A majority of Clay County’s lame duck commission seems intent on expanding prevailing wage requirements on contractors Wednesday night, just weeks before other commissioners join them in January.
Missouri already has a prevailing wage law setting a minimum wage rate for public works projects costing over $75,000. A proposed ordinance on the commission agenda Wednesday evening would expand the wage requirement in Clay County to even subcontractors – many of whom are small, local businesses that may be unable to afford the prevailing wage rate.
That could funnel more projects away from local businesses and to larger companies able to pay higher wages.
“That’s my opinion,” says Commissioner Jerry Nolte, the lone commissioner of the current three to oppose adopting the ordinance right now.
Nolte said he unsuccessfully moved to table the proposal, when it first surfaced last week, until after the first of the year to study the financial impact – and to give the four new commissioners a voice in the matter. The commission is expanding in January from three members to seven, with all three current commissioners staying on.
Nolte said he’s not sure what’s driving the proposal, or why there’s a rush to do it before the new commissioners take office.

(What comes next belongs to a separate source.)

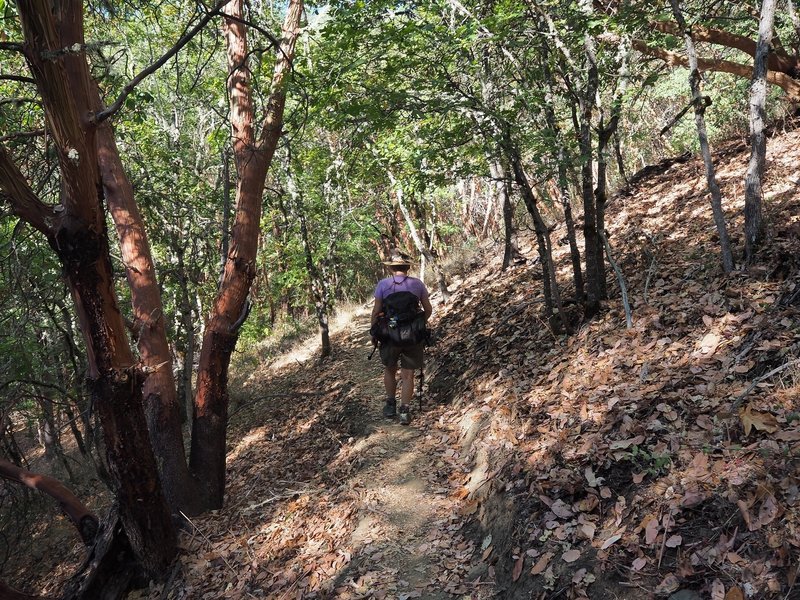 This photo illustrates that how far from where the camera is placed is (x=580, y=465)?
3.94 meters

“I don’t see the hurry,” he told The Heartlander Tuesday. “I think when we’re talking about an ordinance that is of this magnitude I think more than two meetings are in order, and that we should have the larger commission weigh in – all seven, and not try to get it in under the wire before they’re sworn in.
“The comment was made, ‘Well, we can always fix it later.’ Why don’t we just take our time and do it right the first time?”
Nolte noted the businesses that would have to pay the higher wages have had very little notice about the proposed wage hike, and may not even know it could be coming.
“This has not been vetted,” he said. “Nobody was really quite aware of it until it sort of popped up on the agenda, and I was a little surprised about it myself. We need to get feedback from people who are going to be affected by this ordinance.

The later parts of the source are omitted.